Probability

The Analysis of Data, volume 1

Important Random Variables: Notes

3.16. Notes

In modeling situations, it may seem difficult to select an appropriate distribution among the large variety of possible candidates. The potential candidates may be narrowed by focusing on the domain of the set of values the distribution generates.

The Bernoulli distribution is appropriate for modeling $\{0,1\}$ values. The binomial and hyper-geometric distributions are appropriate for modeling $\{0,1,\ldots,n\}$ values. The Poisson and geometric distributions are appropriate for modeling non-negative integers. For continuous data, the beta distribution is appropriate for modeling continuous values in $[0,1]$ (or some other range if appropriate shifting and scaling are performed). The gamma and exponential distributions is appropriate for modeling continuous non-negative values (exponential for strictly decreasing distributions and gamma for potentially unimodal distributions). The Gaussian and $t$ distributions are appropriate for modeling continuous real-valued data (Gaussian distribution for exponentially decaying distribution and $t$ distribution for polynomially decaying distributions).

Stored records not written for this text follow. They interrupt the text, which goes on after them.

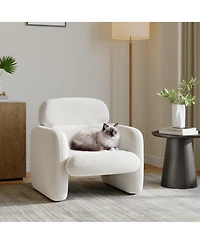 homfan Modern Ergonomic Accent Chair, Wood Frame Padded Armchair, Breathable Hemp Fabric Leisure 330 Lbs Capacity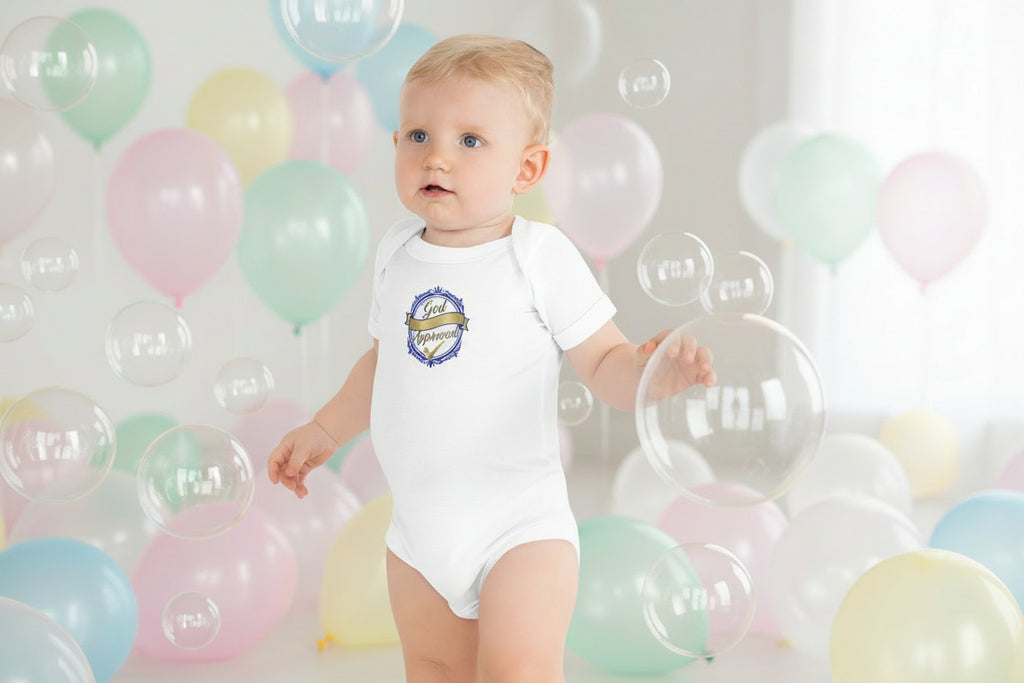 Baby Short Sleeve Blue Ribbon Onesie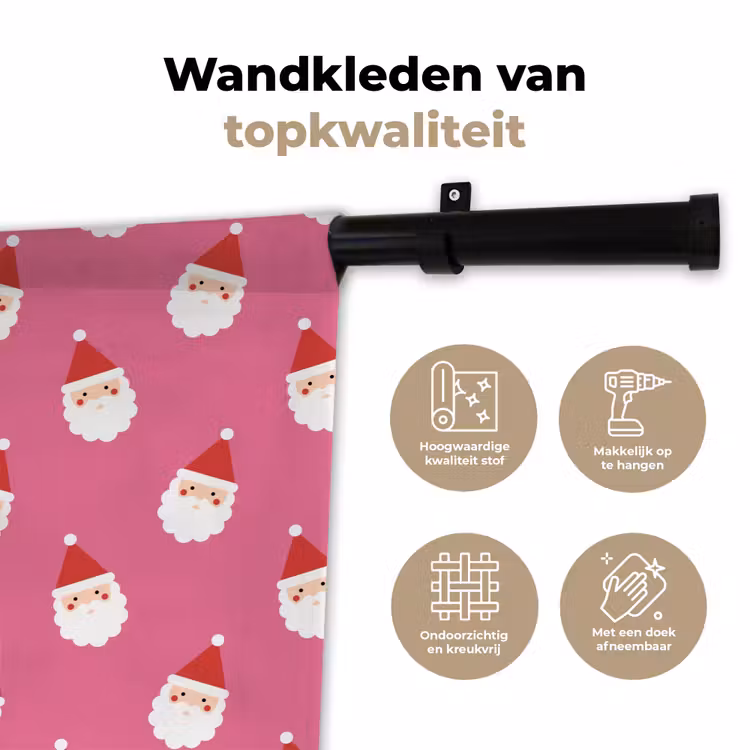 Wandkleed - Kerstman - Kerst - Rood - Roze — 3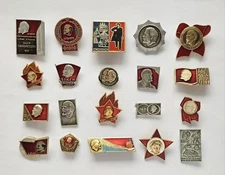 Set of 20 pcs Pins Badges Soviet Union Lenin Communism Komsomol USSR ERA Russian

The canonical distributions above have pdfs with simple shapes, for example monotonic increasing, monotonic decreasing, or unimodal. In cases where the required distribution exhibits more complex shapes, we can select an appropriate mixture distribution. As the number of mixture components is increased, more flexibility is obtained (at the price of an increase in the number of parameter).

A comprehensive description of these and other distributions is available in manuscripts specializing in distributions, for example (Forbes, 2010).